The Economist Intelligence Unit (EIU), part of the UK-based company that publishes the Economist magazine, released a study on Taiwan two months ago, saying that its financial sector has no future because it has chosen to isolate itself while wasting effort on internal struggles.
In response to the study, I wrote an article in this newspaper ("Economic report misses the target," Aug. 14, page 8) saying that the EIU may be right about Taiwan being in a predicament, but that it had nothing to do with self-isolation.
Rather, Taiwan's problems are a result of Taiwanese firms' cash outflow to China. As the banking industry is tightly linked to local interests, if local enterprises were to reduce their dependence on China and increase their investments at home, domestic demand for capital will rise and help alleviate most of the banking industry's problems.

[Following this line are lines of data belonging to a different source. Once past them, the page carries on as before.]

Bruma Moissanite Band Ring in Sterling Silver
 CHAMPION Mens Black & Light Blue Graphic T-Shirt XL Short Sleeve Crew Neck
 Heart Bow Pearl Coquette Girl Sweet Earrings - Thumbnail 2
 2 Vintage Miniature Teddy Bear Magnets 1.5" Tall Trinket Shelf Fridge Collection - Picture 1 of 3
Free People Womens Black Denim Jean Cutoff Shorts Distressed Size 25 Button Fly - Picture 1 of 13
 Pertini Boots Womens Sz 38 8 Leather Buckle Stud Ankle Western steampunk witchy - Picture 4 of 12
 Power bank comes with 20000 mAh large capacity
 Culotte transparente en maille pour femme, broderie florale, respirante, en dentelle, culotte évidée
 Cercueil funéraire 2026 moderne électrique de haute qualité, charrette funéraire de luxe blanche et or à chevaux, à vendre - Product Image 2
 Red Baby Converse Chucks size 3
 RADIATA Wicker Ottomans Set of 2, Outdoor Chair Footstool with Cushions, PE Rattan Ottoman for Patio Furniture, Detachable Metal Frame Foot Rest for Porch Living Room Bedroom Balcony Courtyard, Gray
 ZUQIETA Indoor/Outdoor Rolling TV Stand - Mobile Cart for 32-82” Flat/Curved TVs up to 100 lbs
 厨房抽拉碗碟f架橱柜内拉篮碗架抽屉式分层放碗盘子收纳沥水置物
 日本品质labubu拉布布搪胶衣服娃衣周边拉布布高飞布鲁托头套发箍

Three weeks later, a senior finance official related a fable which appeared in the Chinese-language Economic Daily News on Aug. 29 to describe the situation. A scientist tried to train a flea to jump over his finger on command. The flea was able to do so, even after the scientist cut off its forelimbs. However, after all its limbs were cut off, the flea was unable to jump at all, so the scientist concluded that it had become deaf after losing all its limbs.
The finance official then said that Taiwan's hopeless financial industry was like the flea that couldn't "jump" into the future because the government has cut off its limbs through the investment ban, which has gradually cost the financial industry its competitiveness. He also supported the EIU's conclusion, cautioning that people should not misjudge the causes of failure like the scientist.
I like the metaphor, but would interpret this story from another angle.
Taiwan's financial sector -- like the flea -- proved that it could jump during the economic boom in the 1980s. After its fore-limbs were cut off by the outflow of the country's traditional industries in the early 1990s, it was still able to operate even after losing part of its business.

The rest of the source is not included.